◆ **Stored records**
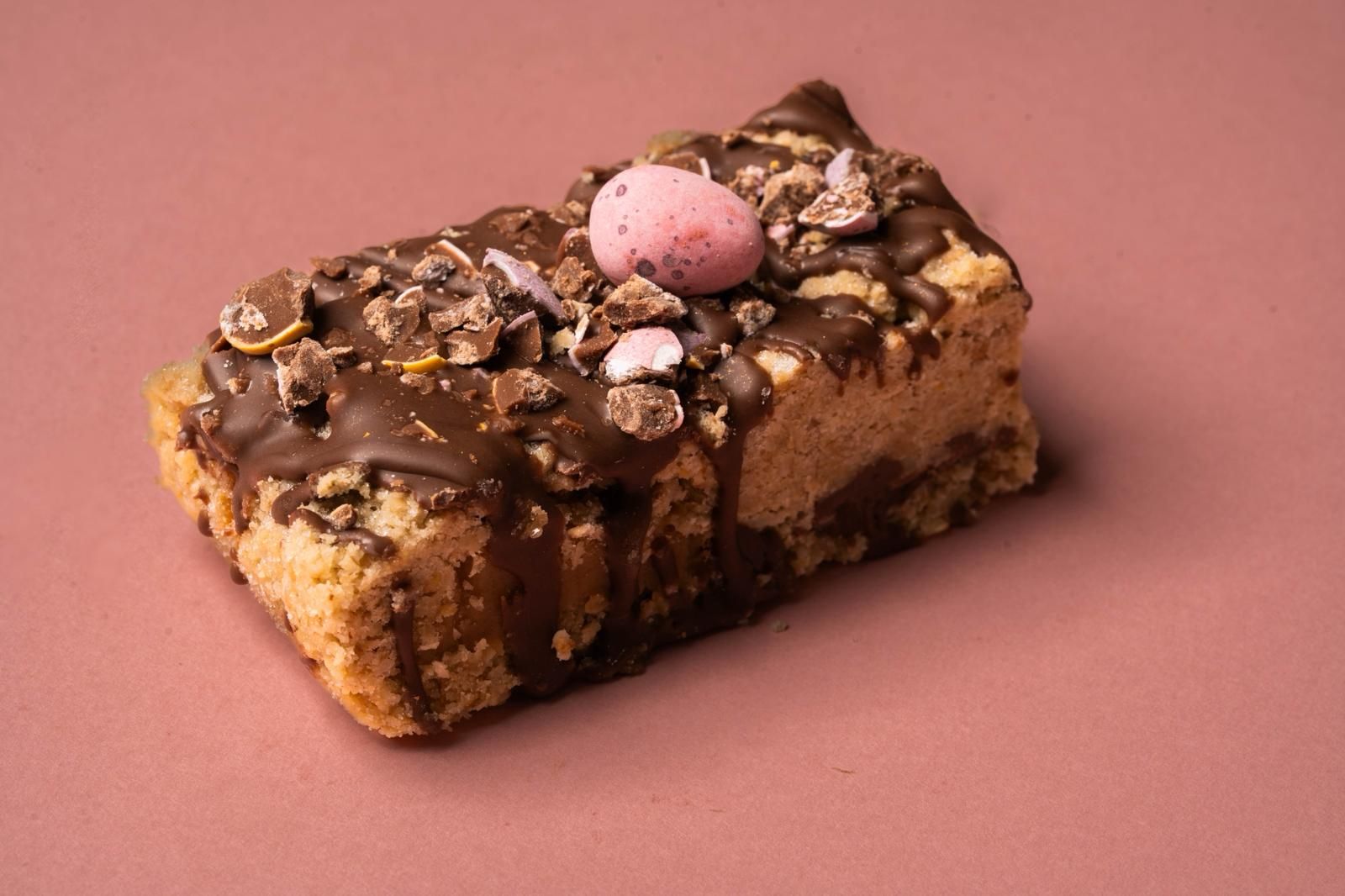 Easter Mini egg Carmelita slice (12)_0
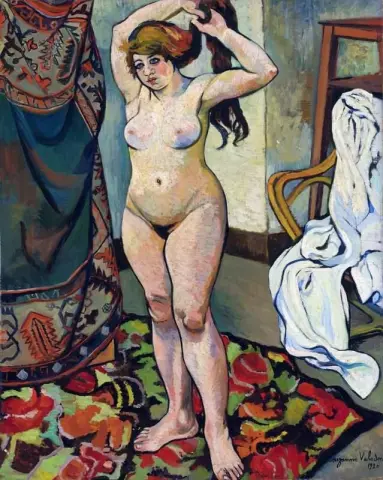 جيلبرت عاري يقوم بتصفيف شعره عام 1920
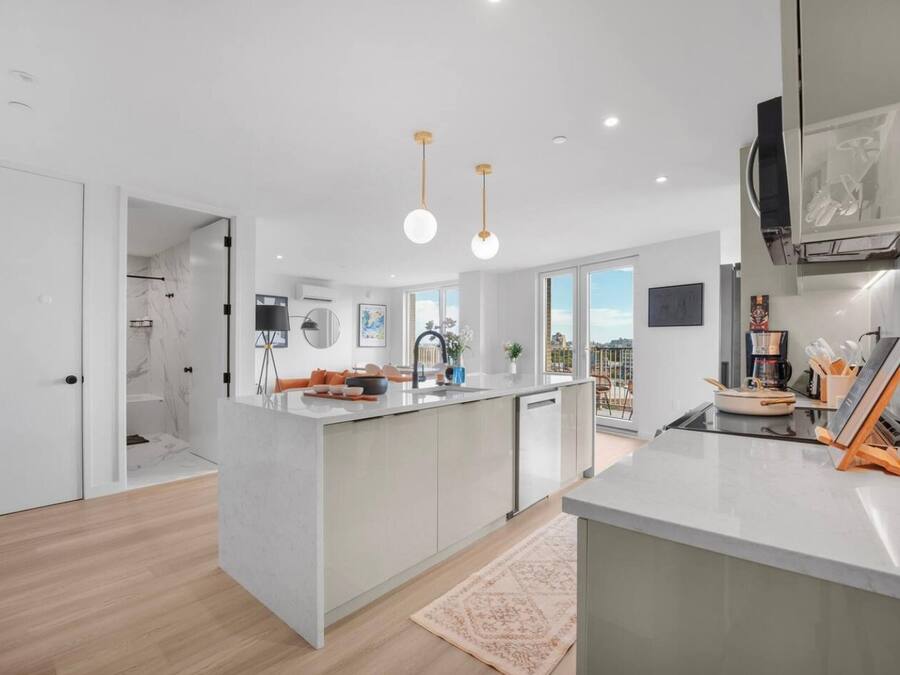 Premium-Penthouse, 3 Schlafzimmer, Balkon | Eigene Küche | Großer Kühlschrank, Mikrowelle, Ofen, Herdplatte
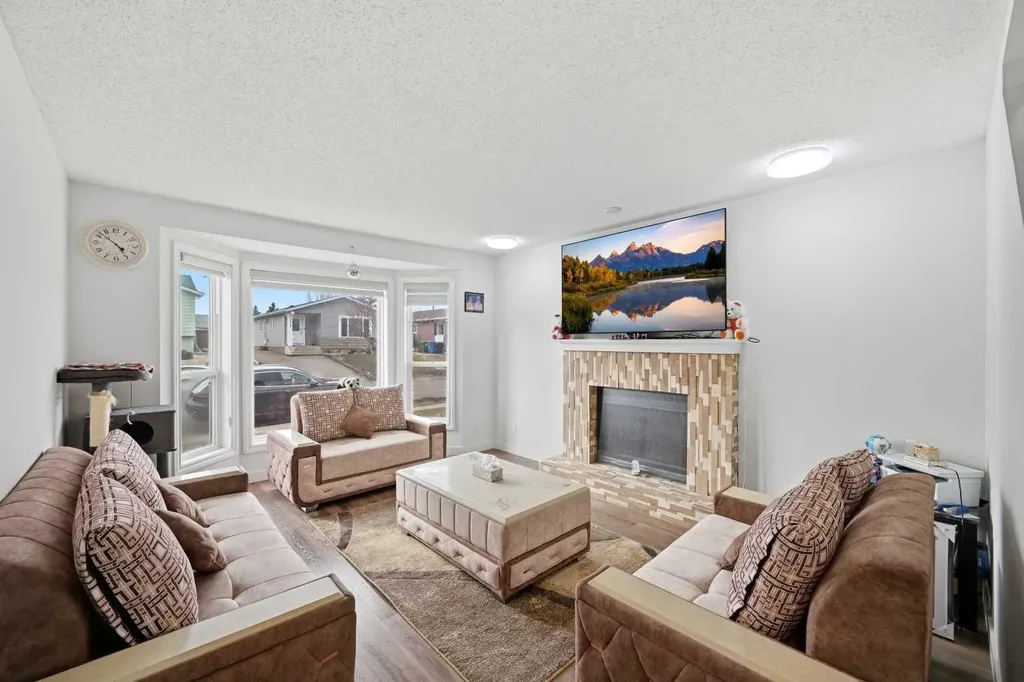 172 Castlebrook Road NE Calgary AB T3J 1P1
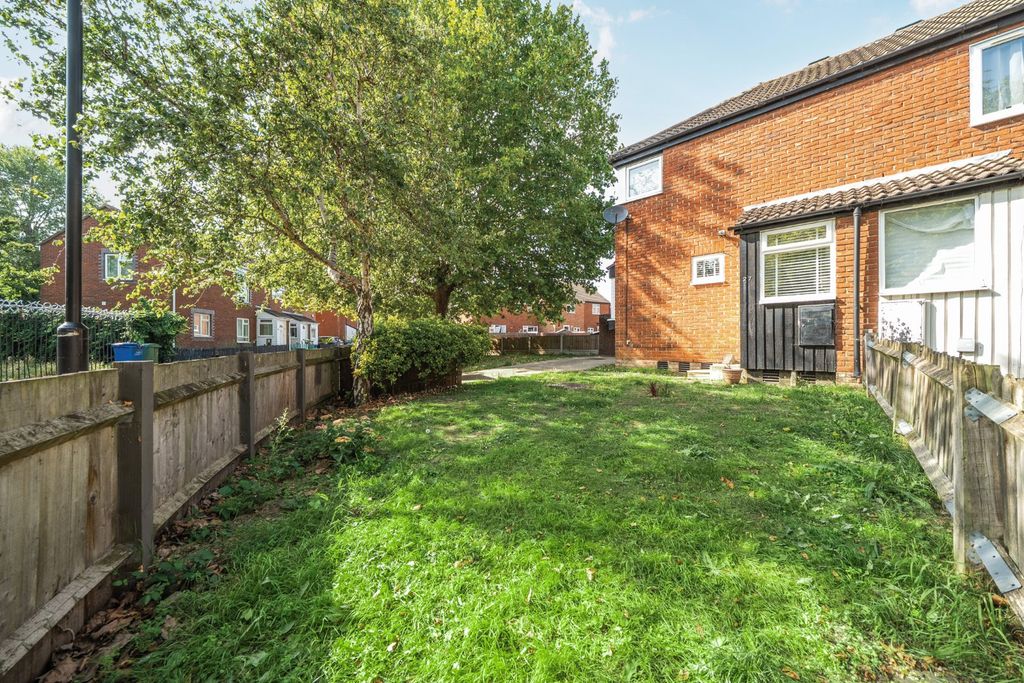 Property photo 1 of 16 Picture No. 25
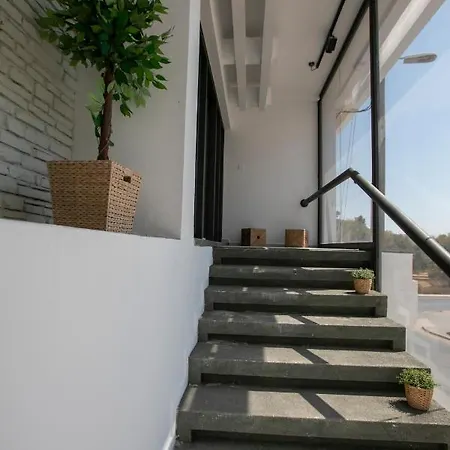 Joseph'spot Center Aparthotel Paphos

◆ **BRIEF**
Please output, exactly and with no pictures, only the lines from the one containing "Property photo 1 of 16 Picture No. 25" through the final line of the records above.

◆ **RESULT OF THIS EXERCISE**
 Property photo 1 of 16 Picture No. 25
 Joseph'spot Center Aparthotel Paphos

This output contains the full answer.